Keplerian orbital dynamics:
- planets orbiting red dwarf stars, close enough that water is
liquid on their surfaces, but having "years" about as long as
Earth years
Common misunderstandings of theories that the authors would probably
say they accept:
- a superconductor of electricity is also a superconductor of heat
(footnote 1)
(footnote 2)
- the rate of evolution is proportional to the intensity of gene-damaging
hard radiation. Richard Dawkins points out in one of his books that
the actual brake on Earthly evolution is the fact that most species are
already quite well adapted to their environments; I remember reading
somewhere that crossover (sexual reproduction) can create very varied
organisms from the existing supply of genes, with no mutation needed.
- if a certain modification to a life-form is desirable, evolution
will inevitably produce it (sometimes dressed up as "Gaia hypothesis")
Some more that look pretty ridiculous to many of us:
- evil aliens who find humans highly desirable either nutritionally or
romantically (and ignore sheep for both purposes)
- good aliens who have evolved completely separately from humans
but can interbreed with them easily
Admittedly we have no observations to confirm or deny these. Other
occasional absurdities:
- ecosystems with carnivores but no herbivores (or something like that).

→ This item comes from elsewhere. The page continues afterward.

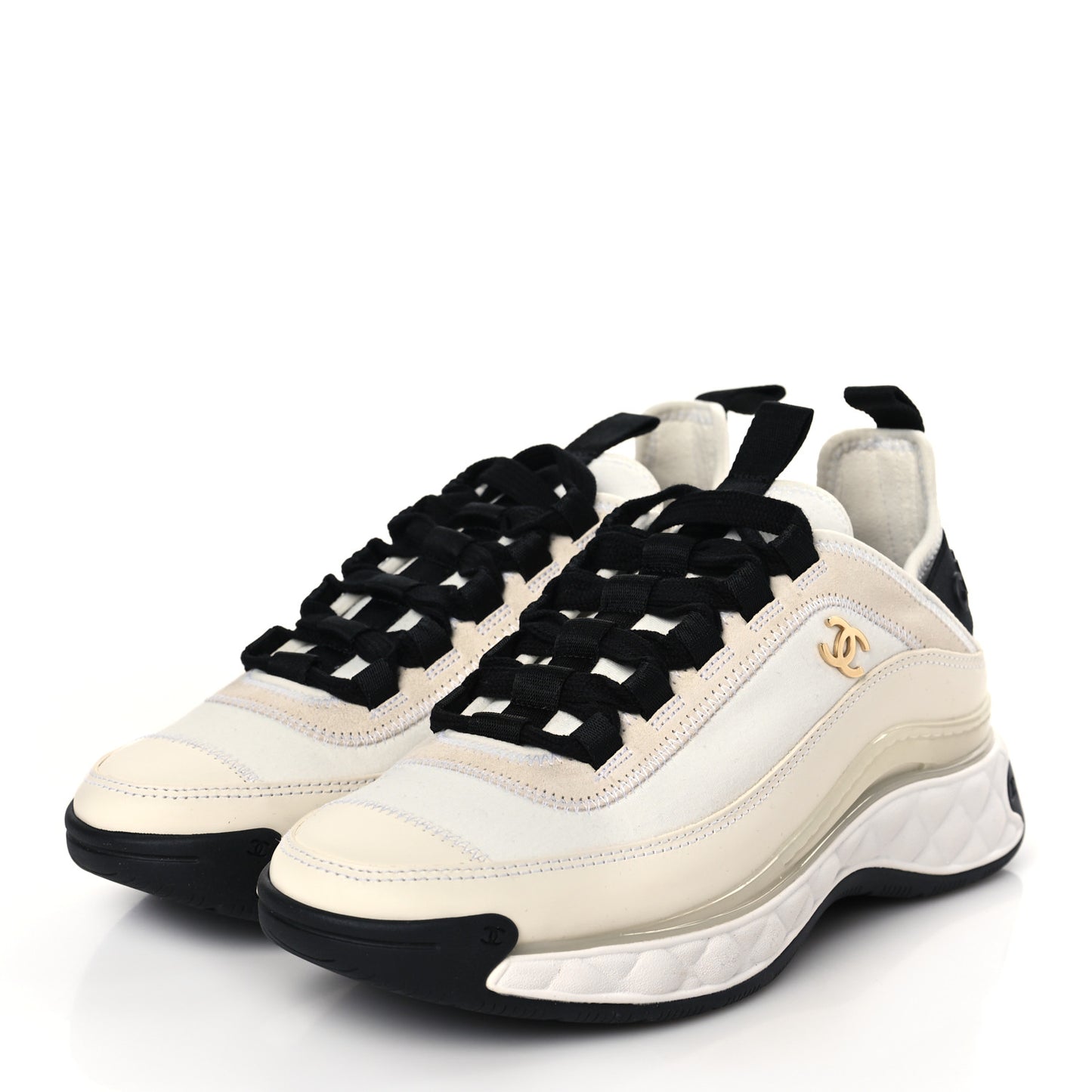 Velvet Calfskin Mixed Fibers CC Sneakers 37 Ivory Black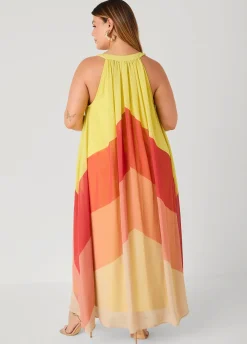 V Neck Colorblock Maxi Dress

However, Isaac Kuo points out that,
"At first glance, most ocean environments appear to have carnivores
but no herbivores. You'd have to look closer to find the teeming
herbivores behind it."
- cyberpukes who spend a few years programming on DOS, and can therefore
understand and break any alien computer system in a few minutes.
Footnote 1
Geoffrey Landis says: "[t]he Wiedemann-Franz law states that for metals, the ratio of
thermal conductivity to electrical conductivity is a constant proportional
to the temperature [Kittel, Introduction to Solid State Physics, 5th
edition, 1976, page 178]. It happens that this law does not hold for
superconductors, but that's not obvious." (As I understand it, superconductors use
a different mechanism for conducting electricity than normal conductors, and that
mechanism doesn't work for conducting heat.)
Footnote 2
Chris Neufeld says:
"the relationship is quite strong in the
reverse direction; it is a fairly common trick in low temperature physics
to use superconducting materials as heat switches, with the
superconducting state being used as a thermal insulator, then an applied
magnetic field destroying the superconductivity and driving it normal,
increasing the thermal conductivity by a factor of about three-hundred.
This gives a heat switch with no moving parts, something quite important
when working at low temperatures where frictional heating is a concern."